A post was written today for (I assume as it was logged in the business section) the world of business owners regarding Twitter, a very popular social media site. If your brand is interested in online marketing and SEO sentiments, should it be using Twitter? A large amount of literature on the topic would promote such a decision, but is general business literature mistakenly misleading SMB owners? In some cases, I think so.
I read another great post (I love reading) today related to SEO trends, tracing link building methods of the last decade. The author (a respected source in the SEO community) closed with a sentiment I champion: rather than chase algorithm changes and SEO trends, ensure you (the service provider) as well as respective clients are putting in hard work, not optimizing businesses towards changing algorithms and trends, but facilitating a valuable consumer-to-brand experience. Hallelujah!! Thanks, Wil, if I said it alone, the sentiment may not get the attention it deserves…
Unfortunately, many more novice SMB readers will peruse the Times article than my blog post, but for those who are reading, let me tweak the Times post to help you elucidate whether you really want to adopt Twitter into your online marketing initiatives or dismiss it, because reports and literature could be confusing and in some cases contradictory. For instance, this post suggests social media use is great for “every” business while this one plays a different tune regarding local business use…what’s a SMB owner to do? Perhaps it’s think like one of their consumers, do some research, and make a decision whether to adopt the social media platform and use it effectively to create a better brand experience, or dismiss it and use allocated resources elsewhere in an effective fashion.
Upload photos – Yes! You can upload photos to Twitter. Is it worth your business’ time? Maybe if its offering products, and a consumer is likely to “value” the additional visual information (ex. used cars, music equipment, surf boards, art work, clothes, etc), using it to make a better purchase decision. Would pictures work for service providers too? It could (showing before and after pictures related to landscaping for instance). Will you get more followers for posting pictures? Not necessarily, but could the extra media create more value to consumers in many cases? Yes.
Cross-post to Facebook – Awesome!

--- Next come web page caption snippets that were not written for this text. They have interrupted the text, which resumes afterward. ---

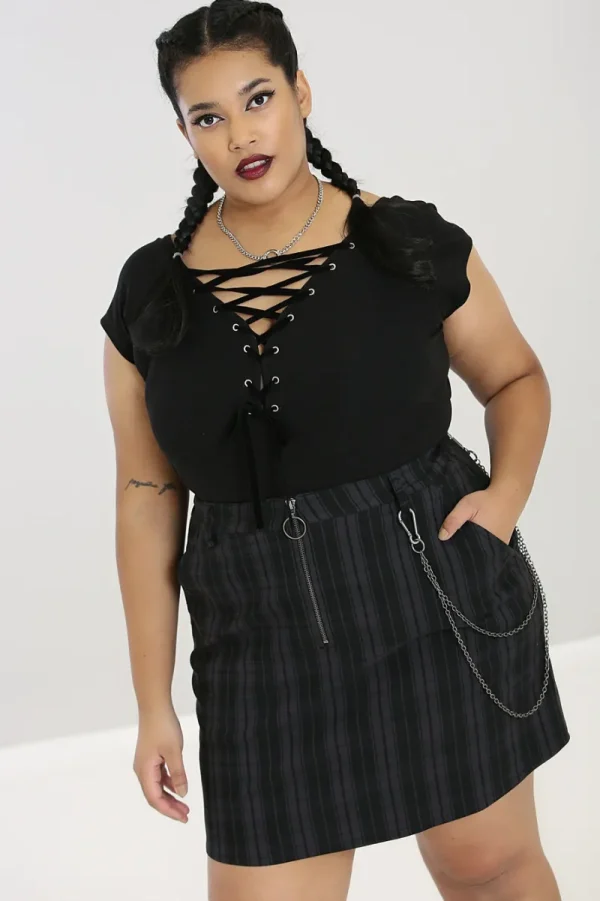 Hell Bunny Tops>Belladonna Top Black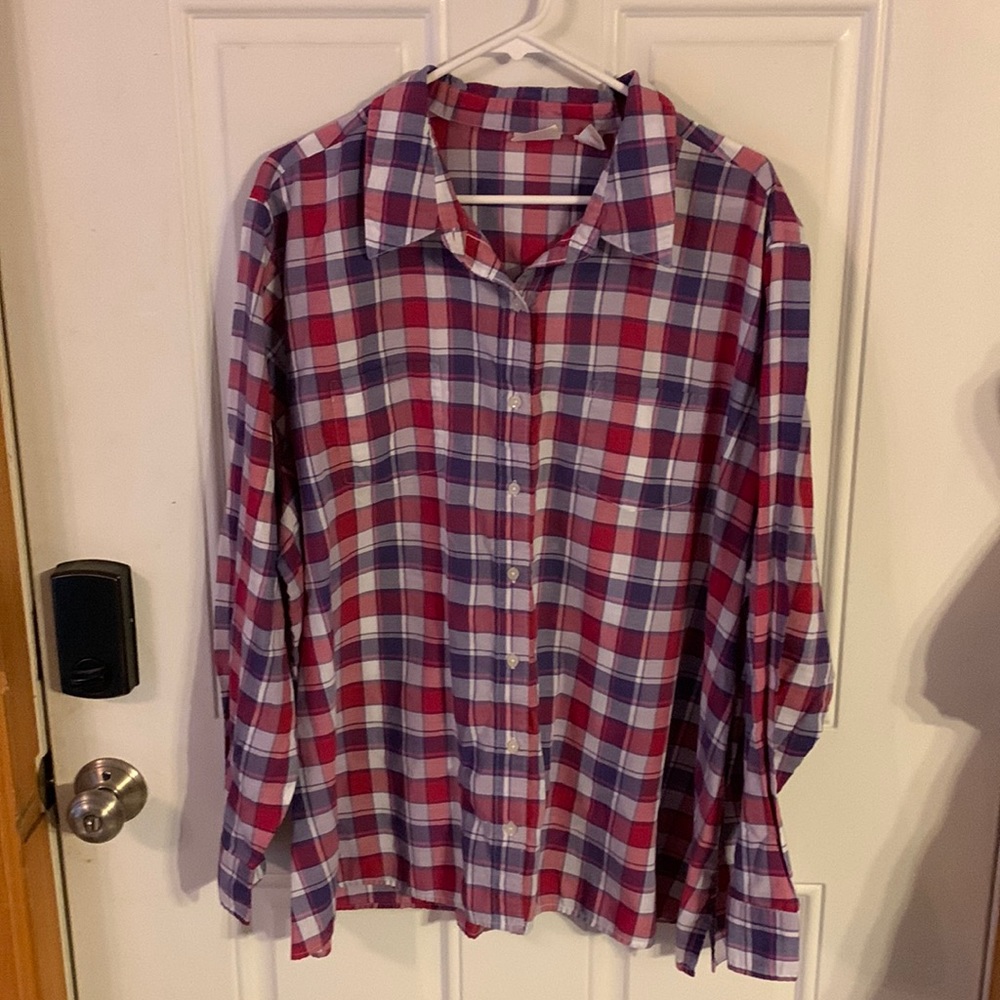 Chic Comfort Collection Button Down Top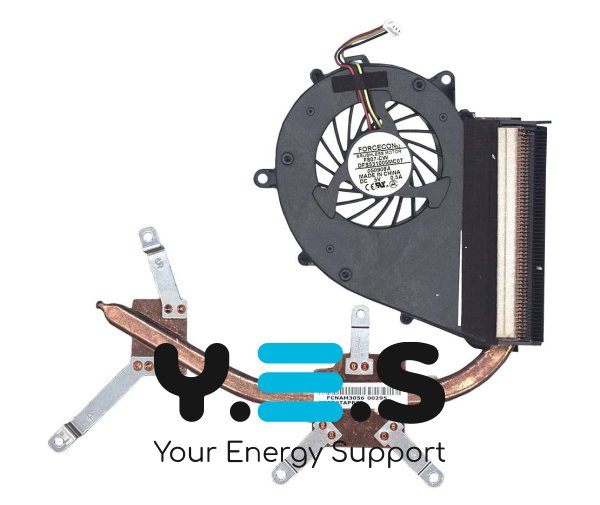 Система охолодження ноутбука BENQ 5V 0,5A 3-pin Forcecon Joybook P53, LC01, LC03, LC12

You can post the same exact content to your Facebook page as featured on your Twitter account! Is this useful to your valued customers, followers, and friends? Maybe, if there is a major difference between Twitter and Facebook followers…otherwise, aren’t you presenting the same information to consumers twice? Would it make more sense to approach the different platforms a bit “differently” if you want to leverage both? Could you create an experience unique to each platform, and only ‘cross-post’ occasionally, when really important information comes along rather than making cross-posting a “given” or habit? Think about optional tools of marketing; what makes the most sense in connecting with consumers, enriching their experience with your brand? In many cases, business owners don’t tap into one of the greatest sources of a brand’s marketing endeavors – the customers!
Jump to the Interesting Stuff – (the Times’ heading not mine) – Yes! If you’re a business using Twitter, I REALLY hope you consider the “connect” and “discover” buttons; that’s Twitter-business use 101! You’re using it to connect with customers to create a customer-to-brand experience, correct? Not because online marketing and SEO gurus told you to use it, right?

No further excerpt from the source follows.